[Brief descriptive captions]
● ● ● ● ●
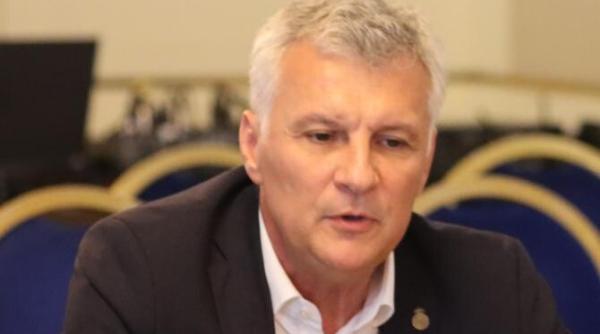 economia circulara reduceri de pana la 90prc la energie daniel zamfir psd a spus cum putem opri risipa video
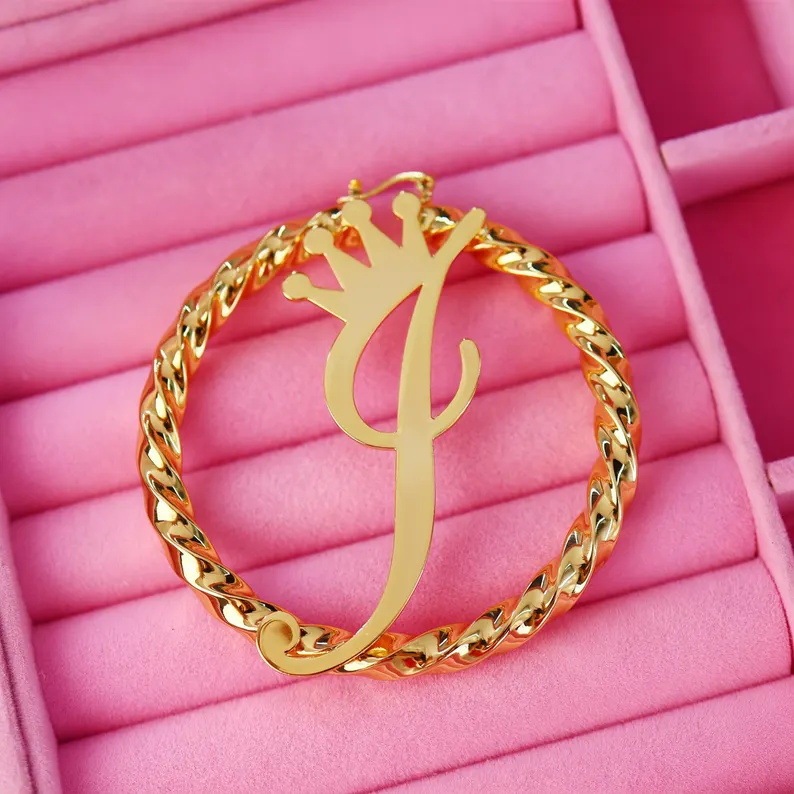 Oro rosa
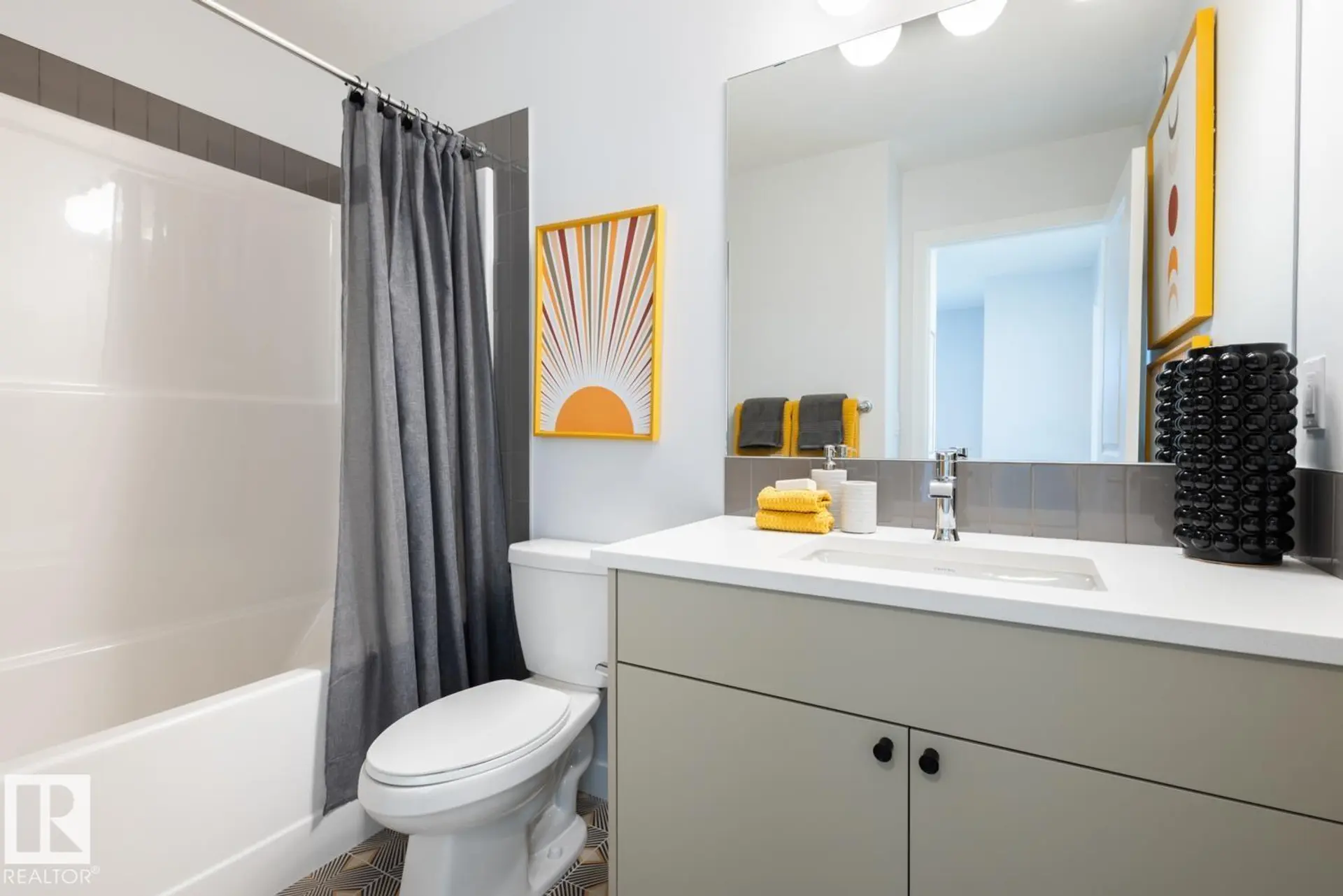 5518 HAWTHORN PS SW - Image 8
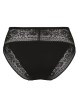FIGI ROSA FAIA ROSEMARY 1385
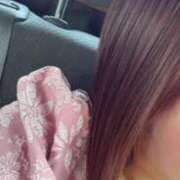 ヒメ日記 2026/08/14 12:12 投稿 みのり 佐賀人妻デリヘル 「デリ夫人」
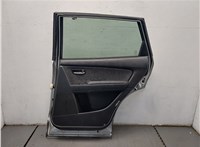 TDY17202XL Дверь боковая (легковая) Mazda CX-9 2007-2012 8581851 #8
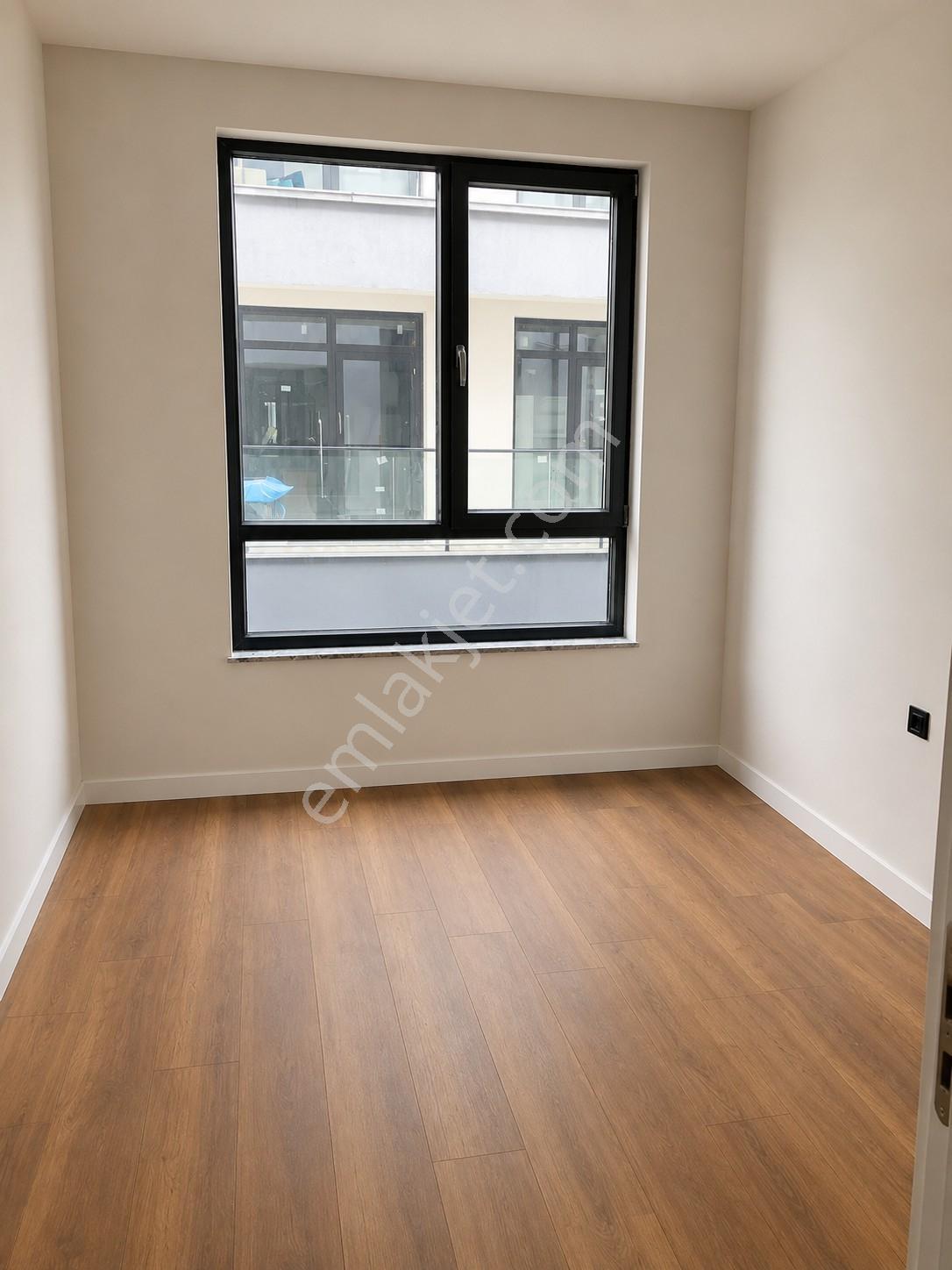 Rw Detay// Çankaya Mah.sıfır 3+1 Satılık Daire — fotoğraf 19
● ● ● ● ●
> Requirement
Please write out exactly the lines starting at the one that contains "TDY17202XL Дверь боковая" and ending with the final line of the entries, both ends included. Do not write out any pictures.

> Written solution
 TDY17202XL Дверь боковая (легковая) Mazda CX-9 2007-2012 8581851 #8
 Rw Detay// Çankaya Mah.sıfır 3+1 Satılık Daire — fotoğraf 19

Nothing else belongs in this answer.